Why going 15% slower increases your chance of finishing first
The legendary sprinter, Carl Lewis was known for his slow starts. He’d come out of the blocks, and in the first few steps, he might fall back to 4th or 5th place. Yet, by the end of the race, he was breaking the tape. How did he do it?
Reviewing the film of hundreds of his races researchers discovered that Carl Lewis ran at a consistent speed from the start of the race, all the way to the tape. While other runners burst out of the blocks at full speed, their energy soon flagged, and their pace slowed. Lewis, maintaining his pace, would blow by them.
He could do that because he intentionally ran at 85% of his full capacity.

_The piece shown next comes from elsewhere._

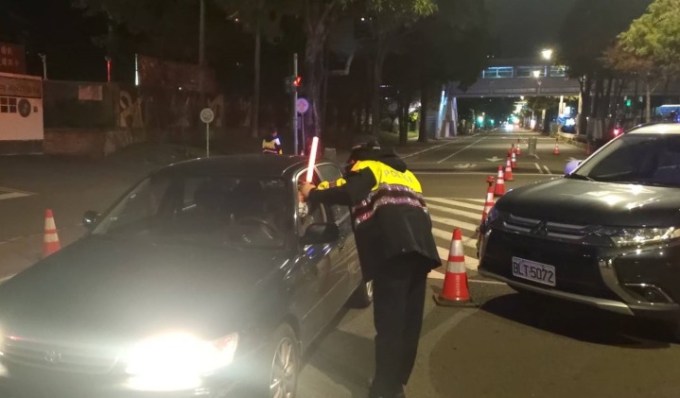 129194-2 桃園市警察局在春節連假期間將加強取締酒駕執法。圖:資料照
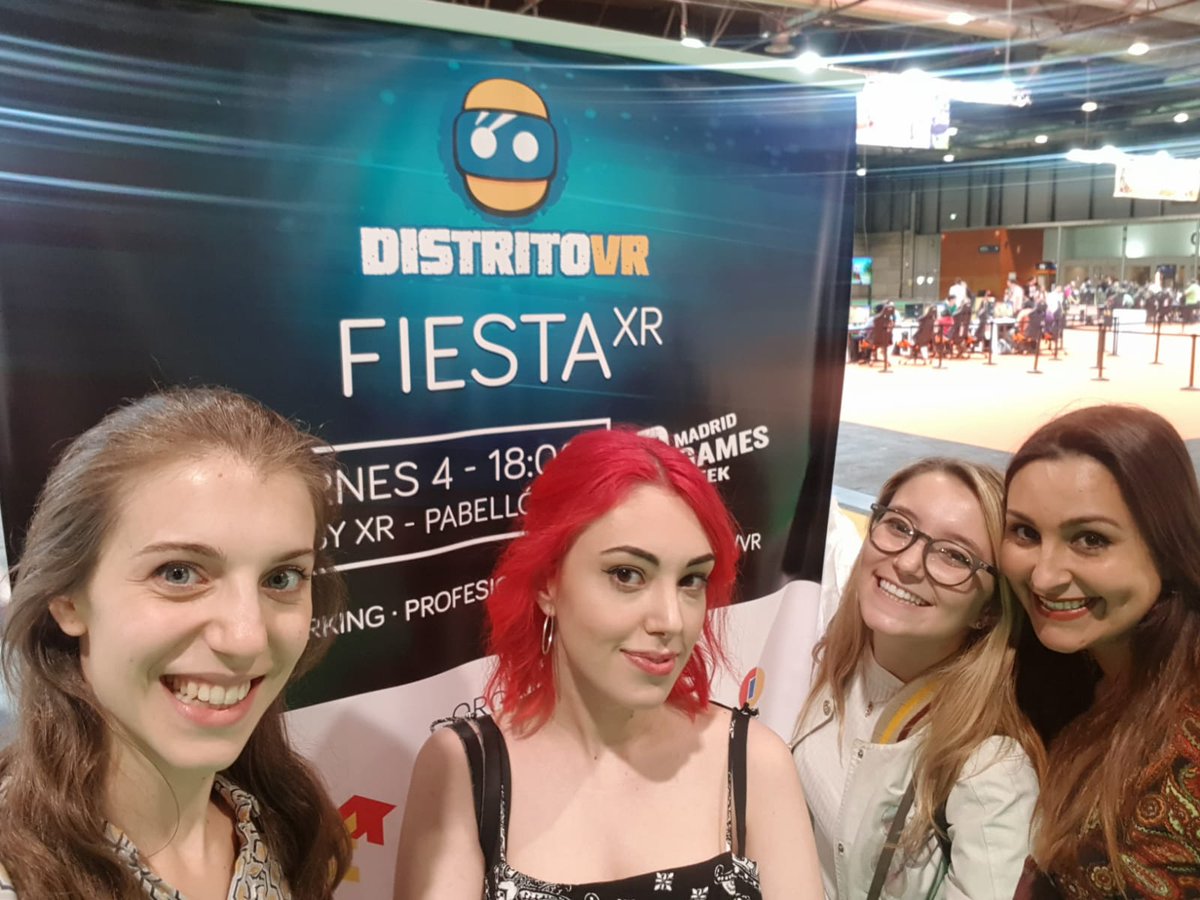veronica_IamVR's tweet photo. ¡Qué bien lo pasamos en #DistritoVR en la #MDW!
Gracias a @jugonvirtual @Distrito_VR y todas las personas que lo hicieron posible! Un espacio único de realidad virtual en Madrid, en el que disfrutamos y pudimos probar las #VIVECosmos así como mucho contenido #vr español! https://t.co/0wgXVAFGsi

That deliberate margin—that remaining 15%—allowed him to maintain perfect form, execute with control, and respond with precision to anything that happened during the race. It wasn’t about being slow; it was about achieving sustainable, strategic speed and being impactful.
The Cost of 100%
How many times have we heard that we need to give 100%? We pack our schedules wall-to-wall, we answer emails the instant they arrive, and we operate from a baseline of being completely full.
But this 100% effort hampers your ability to create at your best. When we have no margin, we become overwhelmed leaders making compromised decisions. We’re racing so hard that we lose our peripheral vision, presence, and creativity.

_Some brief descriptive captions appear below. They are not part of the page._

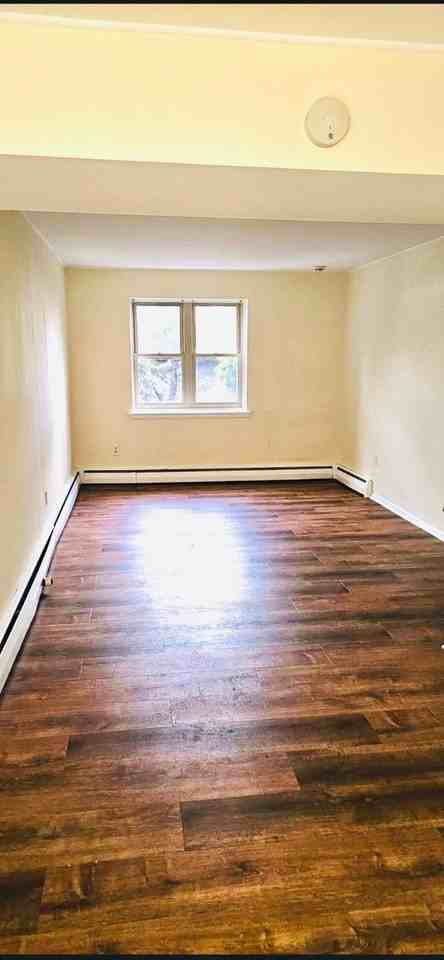 124 Lucas Ave #B2 - Photo 2 of 5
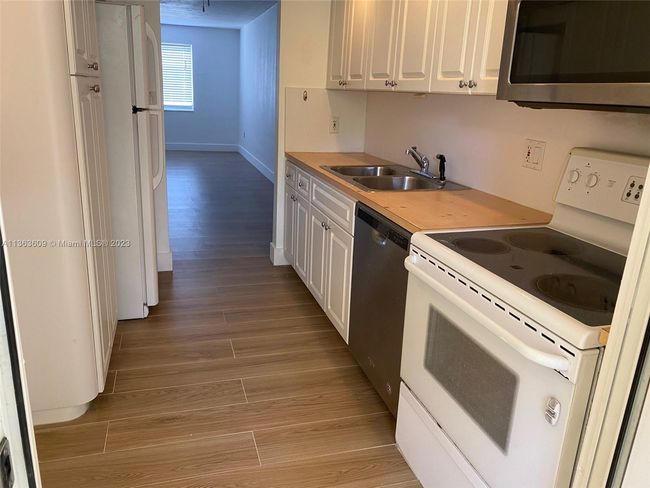 APT-301 - 200 Galen Dr, Condo with 2 bedrooms, 2 bathrooms and null parking in Key Biscayne FL | Image 4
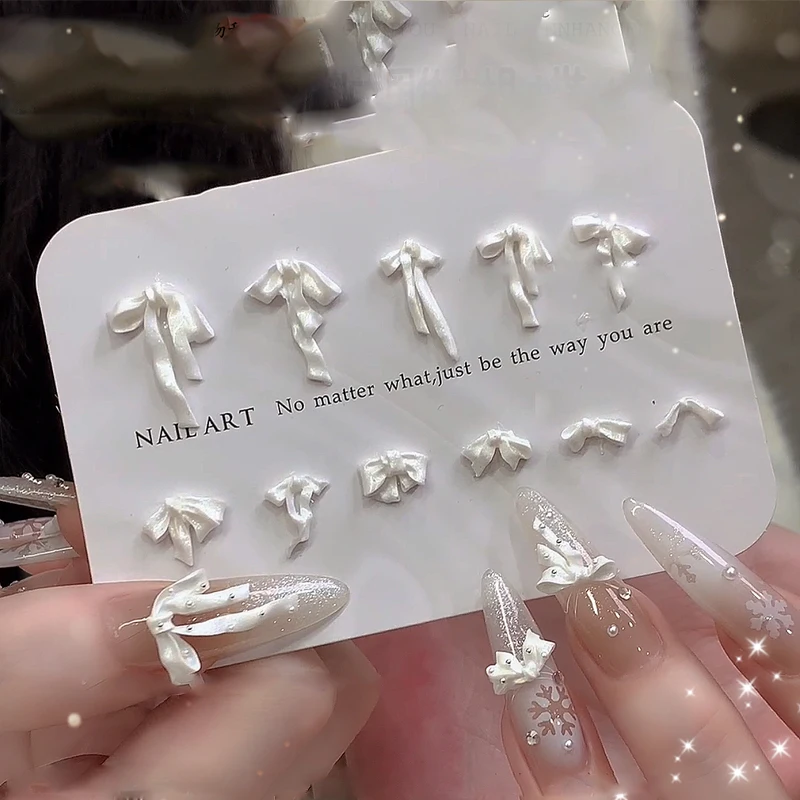 50 Piezas de Adornos de Uñas 3D con Formas Múltiples, Lazos Perlados Blancos/Rosados/Azules, Decoraciones de Uñas con Lazos de Satén, Accesorios para Manicura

And here’s where the rush costs us the most: leadership.
When I’m operating under extreme pressure, I look at my overflowing to-do list and think, “I’ll just do it myself. It’ll be faster.” That frantic energy is the death of delegation. We rush to execution, failing to take the two minutes needed to clearly assign the task, coach the team member, or empower them to handle it next time.
The irony is that by doing it ourselves right now, we guarantee the task returns to us again later. We save two minutes today only to lose twenty minutes tomorrow.
Building Your 15% Margin
The 85% rule is the antidote to that frantic treadmill. By planning to work at 85% capacity, you intentionally build a buffer into your day. That 15% of margin is where presence lives. It’s the space you need to pause before you react, to truly listen when a team member needs support, and to respond to challenges with clarity instead of panic.
It’s the space for thoughtful delegation and high-quality decisions. It allows you to resolve things completely the first time, preventing problems from ever returning.
This week, I invite you to try running your day at 85%.
What would that look like for you? Maybe it’s blocking out the first and last hour of your day for uninterrupted thinking (instead of meeting). Maybe it’s intentionally cutting 15% of the items on your current to-do list and handing them off, or letting some of the meetings on your calendar happen without you. At a minimum, it could look like taking three conscious breaths before you open your inbox.
Notice what happens in that margin. Does your clarity improve? Do you find yourself making better decisions? Let’s find out what it looks like to slow down in order to speed up!